La transparence n’est pas une question d’outils, mais de méthode. Les citoyens attendent que les flux financiers, les choix budgétaires et les résultats de l’action publique soient visibles, compréhensibles et discutables. Recettes collectées, dépenses exécutées, dettes réglées, projets financés : rendre ces informations accessibles et intelligibles est devenu un impératif économique autant que démocratique.
En 2025, le besoin de pédagogie publique s’est imposé avec autant de force que la réforme technique elle-même.
Quelle politique économique mène réellement le Gabon ?
La question mérite d’être posée clairement. Contrairement à certaines lectures rapides, la politique économique gabonaise actuelle n’est ni keynésienne, ni libérale au sens doctrinal.
Elle ne relève pas d’un keynésianisme assumé : il n’y a ni relance massive par la demande, ni déficit volontairement expansionniste. Elle n’est pas non plus libérale : la fiscalité s’élargit, l’État reste central, interventionniste et structurant.
La réalité est plus nuancée. Le Gabon mène aujourd’hui une politique de stabilisation et de crédibilisation sous contrainte. Une politique guidée par quatre logiques principales : la restauration de la discipline budgétaire, la maîtrise de la trésorerie, la modernisation des outils de gestion et l’utilisation de la fiscalité comme variable d’ajustement.
Cette approche est compréhensible dans un contexte de marges réduites. Mais elle souffre d’un angle mort majeur : l’absence d’une doctrine économique explicitée et partagée. Il existe des mesures. Il existe une direction. Il manque encore un récit économique lisible pour les citoyens comme pour les acteurs productifs.
Attractivité économique : une question de crédibilité plus que d’incitations
L’année 2025 a également permis de dissiper un malentendu persistant : l’attractivité économique ne se résume pas à des incitations fiscales ou à des annonces d’investissements.
Elle repose sur trois piliers simples : la prévisibilité des règles, la crédibilité des engagements et la capacité d’exécution. Le Gabon n’est pas disqualifié financièrement. Mais la perception d’une pression fiscale croissante, combinée à une lisibilité réglementaire encore insuffisante, incite à la prudence.

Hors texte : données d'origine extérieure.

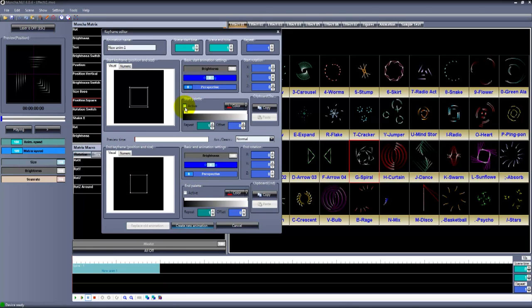If you have a solid color scene and you want to add more colors, you can change the colors to suit your imagination.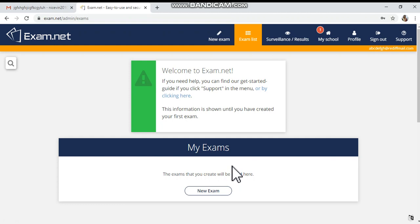Now the teacher is registered in exam.net. The thing is, if your email ID is from any other email service provider like Rediffmail, your user account will be created. But if you are giving a Gmail ID, it has to be connected with your official email ID linked to your school.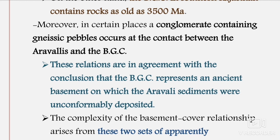Another example of the unconformity basement-cover relationship is the Kaladgi Basin in northwestern-southwestern India, where the Archaean basement and the overlying Mesoproterozoic sediments form the cover. The basement forms a part of the western Dharwar Craton, which is an assemblage of Archaean Peninsular Gneissic Complexes and granites, known as Closepet Granites (CPG). A reference paper link on the Kaladgi Basin correlation will be provided in the description box.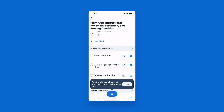This is an easy way to take your AI notes and convert them to a checklist for your team to utilize, capture photos, answer questions, and get all the information you need on the job site.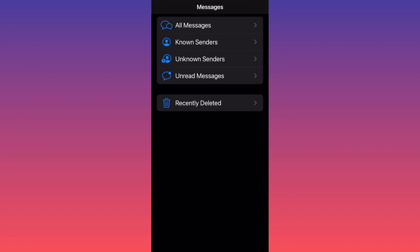Or you can filter messages from known senders — meaning your friends, family members, and people already in your contacts that you have a history of communicating with, sending messages back and forth. You can also filter messages from unknown senders.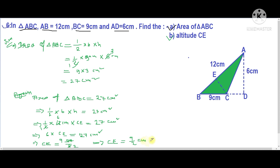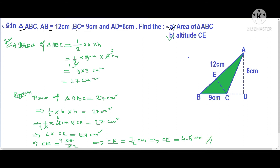Converting to decimal, CE equals 4.5 centimeters. So the altitude of this triangle is 4.5 centimeters. Hope you understand.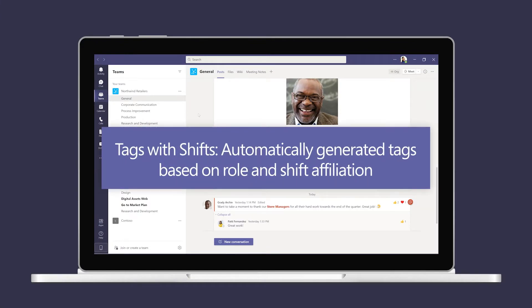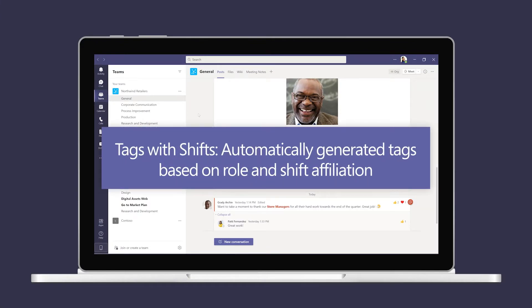When you have an active schedule in the Shifts app, tags in Teams automatically groups users based on their assigned role in shift.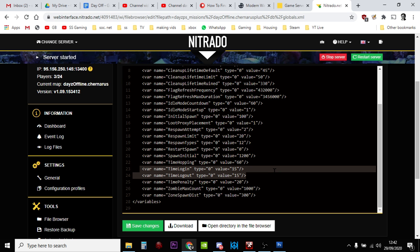You're going to be vulnerable for a whole minute, so you're going to make sure you can find somewhere quiet. You're going to lock yourself in a house or a shed or something, and then you're going to log off that way. So there we go, that's how you adjust the spawn in times, the login times, or the spawn out or the log out times. It's in the globals.xml.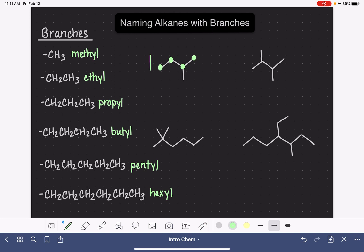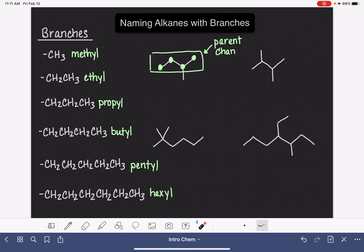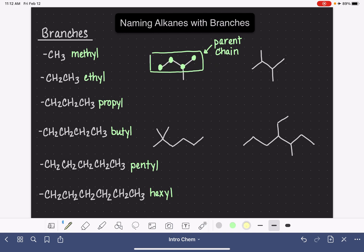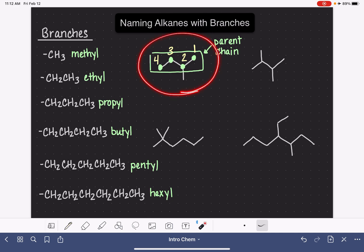This longest continuous chain of carbon atoms is what we refer to as the parent chain — it's the main chain of the molecule. The substituents or branches are the things attached to the parent chain. Once we've identified the parent chain, our next job is to number the carbon atoms starting at number one, beginning at the end that is closest to our branch. We have two ends, and we want to start at the end closest to our branch, which is on the right-hand side. So we number: one, two, three, four.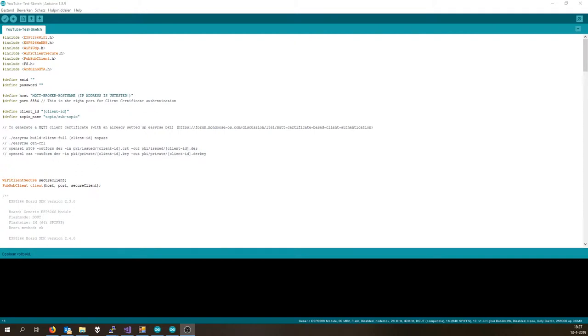Hey guys, welcome back. This is Tim from Tim's Electronics Lab, and today in this video I'm going to show you how to convert the sketch that I use for my MQTT connections from the ESP8266 SDK version 2.4.2 to version 2.5.0.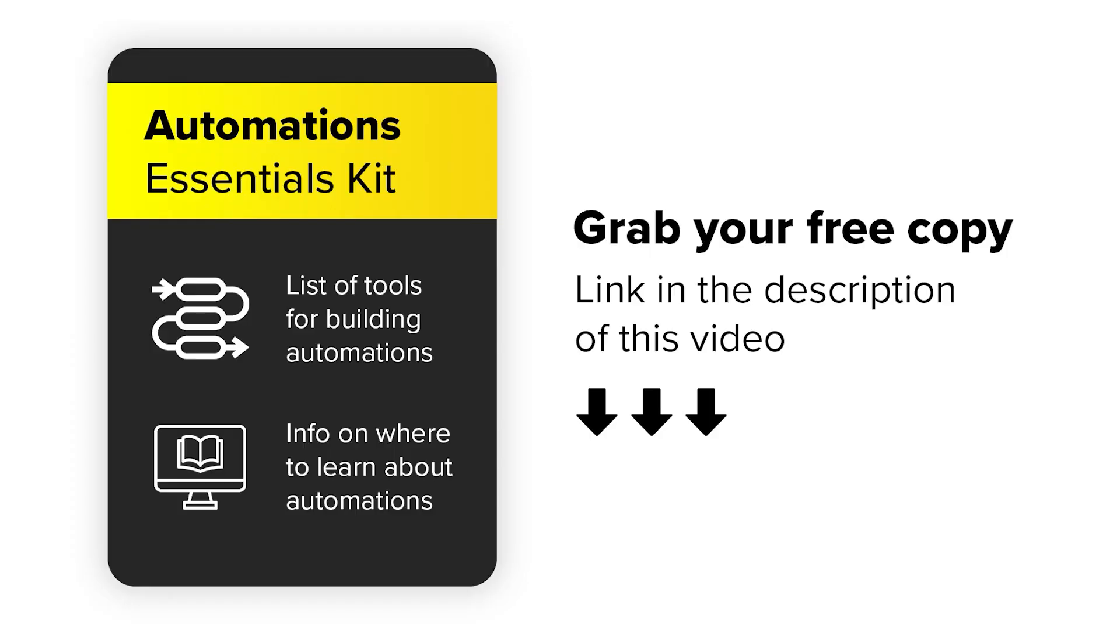If you'd like to learn more about automations, you can find a link to our free automations essentials kit in the description of this video. It contains a list of tools you can use to build automations and a list of educational resources from which you can learn more about automations. So you can grab your free copy today. Just go to the link in the description of this video.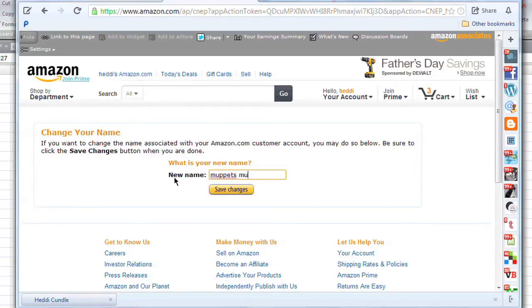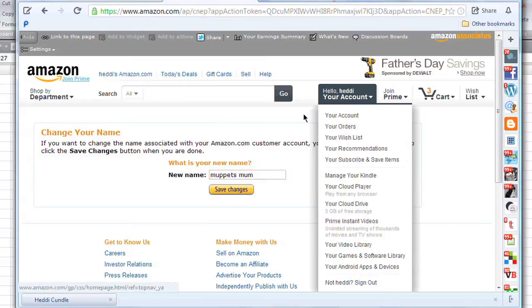I'm going to change it over to anything that I want — so I'm going to change it over to 'Muppets Mum.' I'm not going to save the changes because I don't want to do that, but that is all you would do, and then your name would change up here in your account settings. And then you're finished.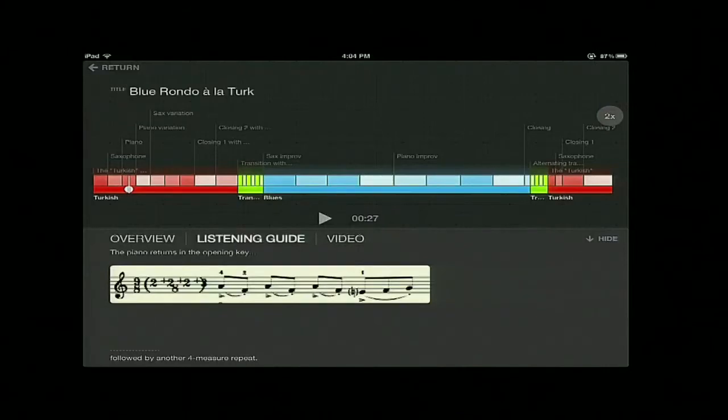As you can see, the content in this panel moves automatically following the music progress, giving you the explanation of the very unique sounding Turkish rhythmic pattern, as well as a sheet music example of that. This is going to be very handy, especially in the classroom setting, where you no longer have to constantly stop the music to talk about certain important music concepts.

La confiance se construit moins par l’exception que par la stabilité.
Les leçons pour 2026
L’enseignement central de 2025 est clair : le pays n’a pas seulement besoin de réformes, il a besoin d’un contrat économique lisible.
Pour 2026, trois priorités s’imposent :
- Rendre la dépense publique intelligible, en reliant chaque effort demandé à des résultats observables.
- Stabiliser les règles du jeu, car la confiance naît de la prévisibilité.
- Conjuguer rigueur budgétaire et dignité sociale, afin que la stabilité des comptes améliore aussi la stabilité des vies.
Conclusion
2025 n’a pas été une année facile.
Mais elle a été une année utile.
Elle a rappelé que la souveraineté économique ne se proclame pas, elle se crédibilise.
Elle a montré que la confiance est devenue la ressource la plus rare — et la plus stratégique.
2026 ne sera pas plus simple.
Mais elle peut être mieux pilotée.
À condition d’avoir compris la leçon essentielle de 2025 : un État peut équilibrer ses comptes, mais il ne progresse durablement que s’il rééquilibre la relation de confiance avec sa société ».